Lessig concurs that “the Civil War may well have been the last time we suffered a media environment like this. Then, it was censorship laws that kept the truths of the North separated from the truths of the South. And though there was no polling, the ultimate support for the war, at least as manifested initially, demonstrated to each of those separated publics a depth of tribal commitment that was as profound, and tragic, as any in our history. That commitment, driven by those different realities, led America into the bloodiest war in its history.”
He believes that “we’re not going to war today”, because “we are not separated by geography, and we’re not going to take machetes to our neighbors. But the environment of our culture today leaves us less able to work through fundamental differences than at any time in our past. Indeed, as difference drives hate, hate pays — at least the media companies, and too many politicians.”
Finally, Lessig makes an appeal to the media companies to quit selling hate, and instead seek and establish a common ground whereon both sides could at least share some of the same views; and perhaps that would start a productive national dialogue. A part of this process would be for companies like Facebook and Twitter to self-censor divisive and false political advertising.

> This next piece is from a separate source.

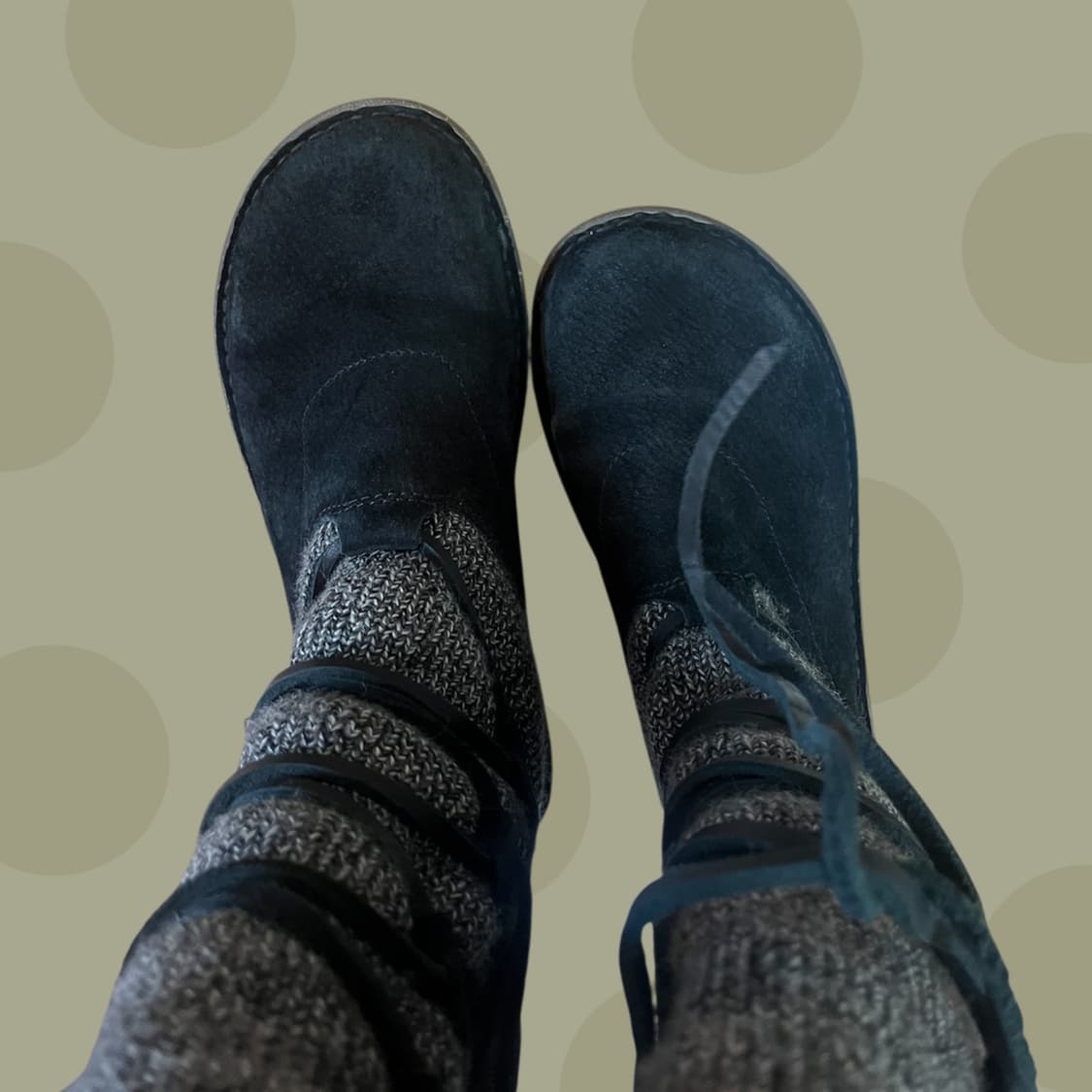 빈티지 어그 레이어드 스웨이드 니트 부츠 / 히피 부츠 상품이미지3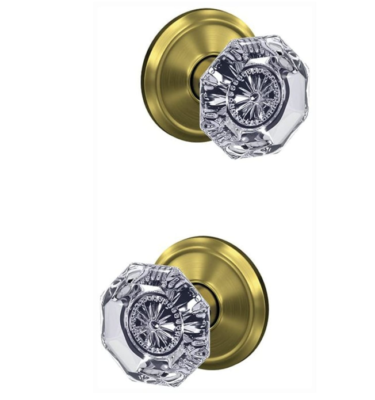#ad SCHLAGE Custom FC21 ALX ALD Alexandria Glass Knob Closet and Bedamp;Bath Lock $29.99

In the end Lessig believes that we have “a fractured America because of siloed information”. And his strong presumption is that the overwhelming share of citizens of both persuasions restrict their input to outlets of their preferred ideological flavors. But that is patently an one-sided argument, as even these pages confirm. Yes, when we monitor CNN, MSNBC, NYT, …, we see a narrow-casting of ideas both in their ‘news’ and commentary. But that clearly is not the case when we look at the news segments, and even some commentary programs, of outlets like Fox News and Fox Business that with intense regularity feature strong proponents of the Left who launch dialogues totally absent from the other side. Talking to a liberal these days quickly reveals that the person has not even been updated by his leftwing media on the basic factual happenings of the day. And here I’m not talking only in the aggregate of such populations; of course, exceptions exist, but they are relatively infrequent (most certainly not any of RR’s leftwing commenters).
To conclude, what concerns me about today’s sincere academics and analysts of our national drama, is that almost all of them turn a blind eye to the distinct, and (to me) very evident, possibility that we are now ideologically beyond the tipping point. That America is divided by a chasm of no shared ideas into two distinct ideological cohorts. One working feverishly to fundamentally transform the republic into a pure socialist democracy on the road to globalism, and the other seeking to avoid such a revolution, and go on evolving as a liberty-loving, risk-tolerant nation of entrepreneurs and workers, people who continue to enjoy the blessings of minimally regulated markets overseen by a limited and constitutional government intent on preserving America as free and sovereign nation-state.